Horticulture retail consultant Roger Crookes has said a passion for products being sold is essential for garden centres and their suppliers.
He told growers and retailers attending a British Protected Ornamentals Association meeting at Meadowcroft Garden Centre in Essex that they had to think like their customers.
"If you lose passion for your product you have to get it back," he said. "That passion will rub off on staff and customers."
Crookes suggested that messages in the media about the benefits of single flowers for wildlife could increase demand for these plants this year and that Union Jackthemed products would also sell more.
Among his suggestions for boosting sales were colourful background displays, painting benches and demonstrating how plants could be grown and displayed in the garden. Endcaps sold seven times more products than other displays and so it was important to make them work well, he added.

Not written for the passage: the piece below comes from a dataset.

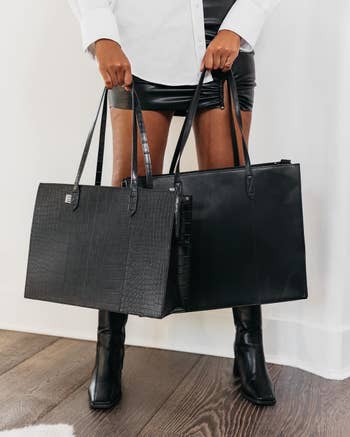 model holding black tote bags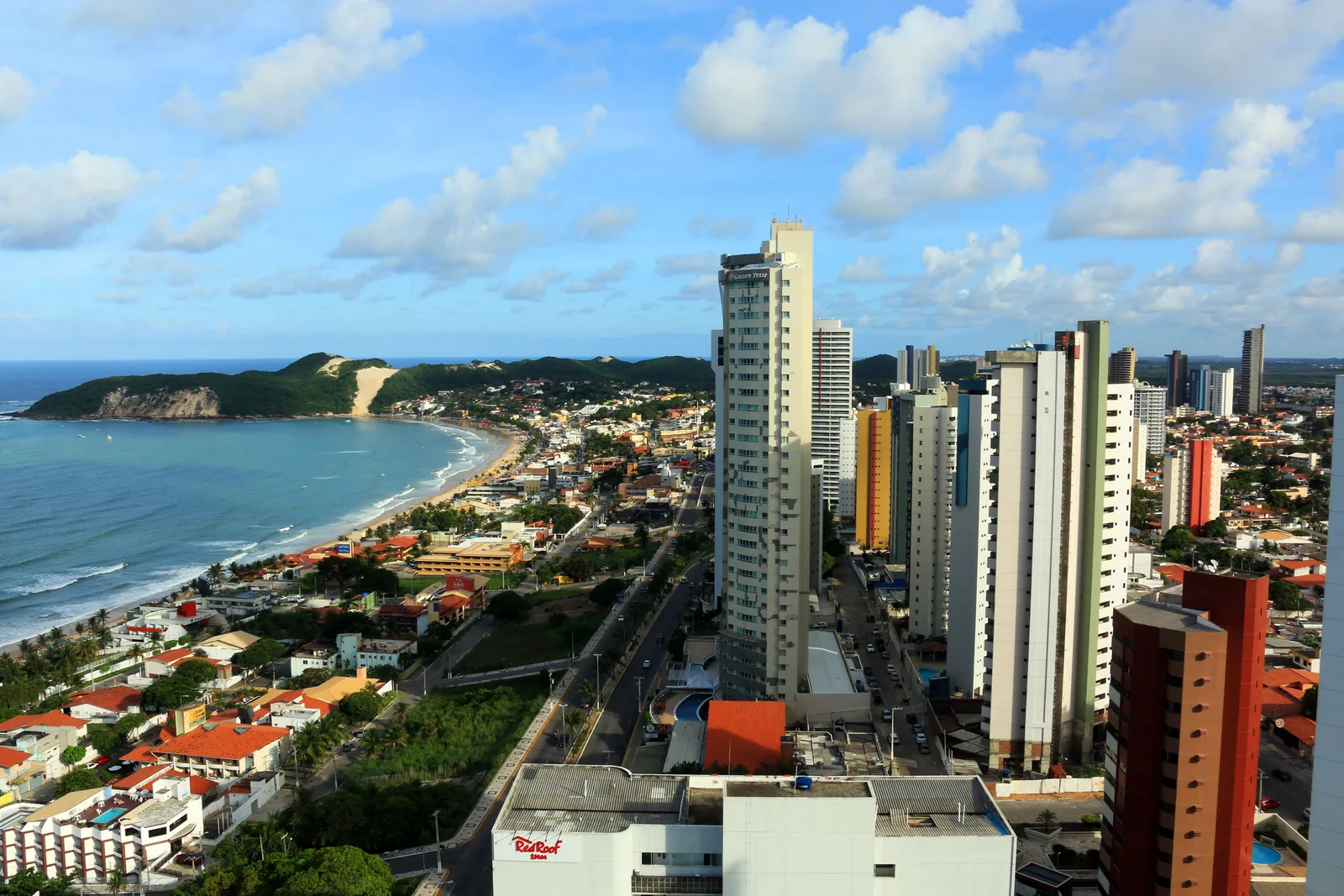 Ponta Negra seen from high beside its apartment towers, the beach curving away to the green headland of Morro do Careca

"We need to be doing more than just selling a plant - people buy ideas," he said. "We need to show them what they can do. Gardens are getting smaller and the more we can show people how to garden in containers the better."
Crookes also pointed out that catering was now an important part of garden centre business.
"Good catering can mean people make visits once or twice a week, instead of once or twice a year," he said. "That's a lot of visits and catering is how garden centres have grown their business."
On the agenda - Sector advances
The British Protected Ornamentals Association event also included talks by LS Systems sales director Darren McDonald on water collection and storage equipment, ProVeg consultant Clare Dyson on new varieties of edible ornamentals and Seeds of Success commercial director Simon Whiteley, who presented his hardy petunia Vesuvio range that flowers from April to October and can overwinter for a second year.
There was also a tour of WD Smith & Son nursery, including its recently installed wood chip-fired biomass heating system.